- AIM OF THE TASK
Retype the data below verbatim; pictures do not belong in the copy.

- RECORDED DATA
::::::::
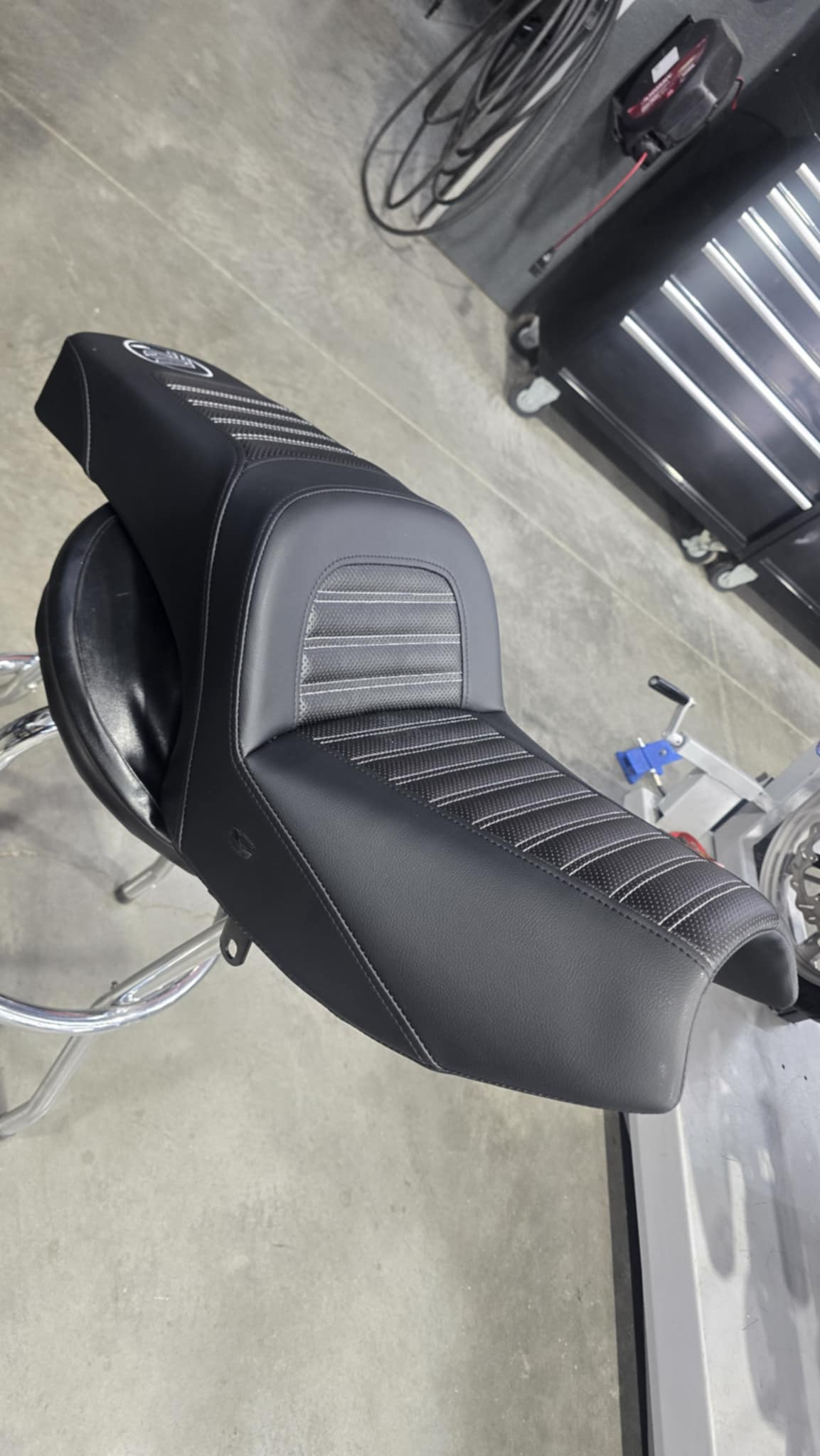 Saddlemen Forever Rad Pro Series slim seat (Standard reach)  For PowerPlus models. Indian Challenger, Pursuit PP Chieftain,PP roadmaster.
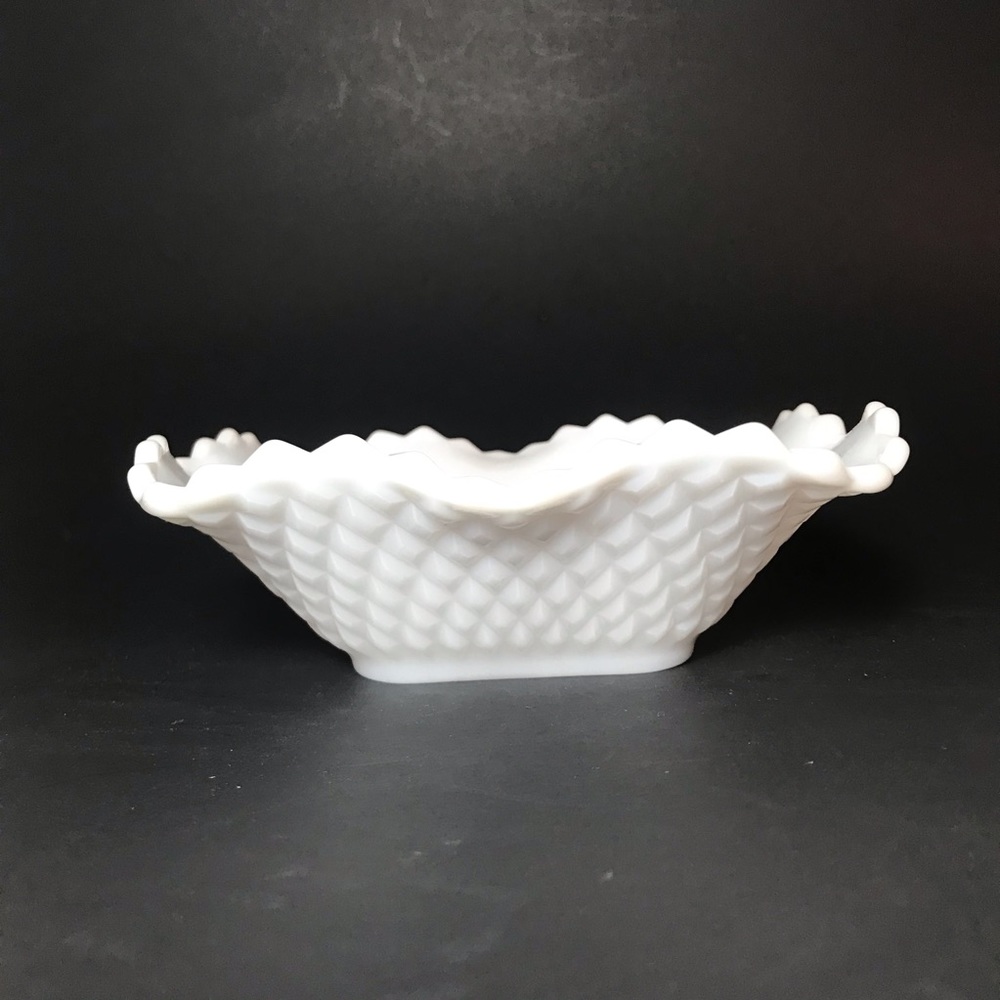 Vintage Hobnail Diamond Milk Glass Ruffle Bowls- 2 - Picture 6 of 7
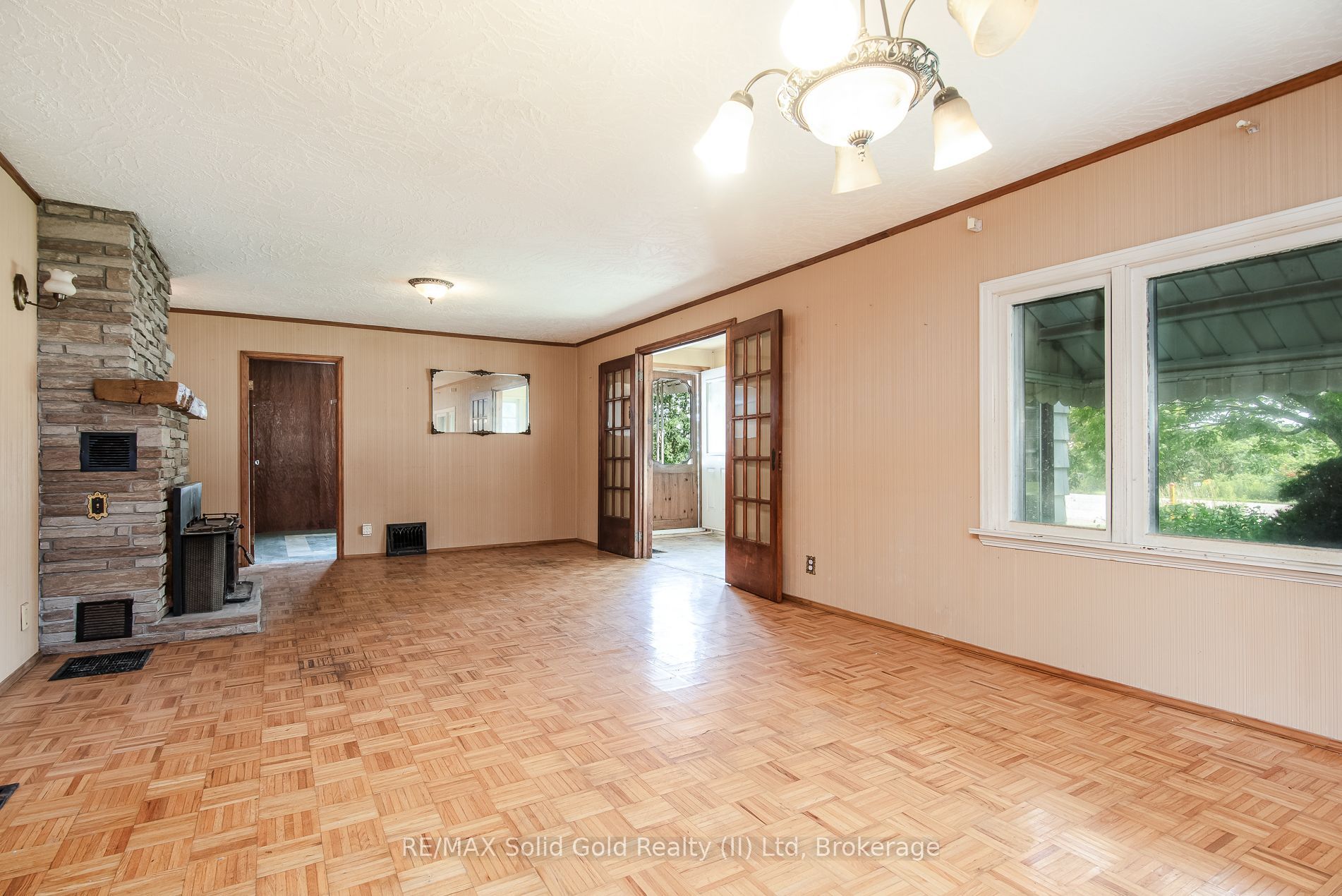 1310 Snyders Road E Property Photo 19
::::::::
- FINAL ANSWER
 Saddlemen Forever Rad Pro Series slim seat (Standard reach)  For PowerPlus models. Indian Challenger, Pursuit PP Chieftain,PP roadmaster.
 Vintage Hobnail Diamond Milk Glass Ruffle Bowls- 2 - Picture 6 of 7
 1310 Snyders Road E Property Photo 19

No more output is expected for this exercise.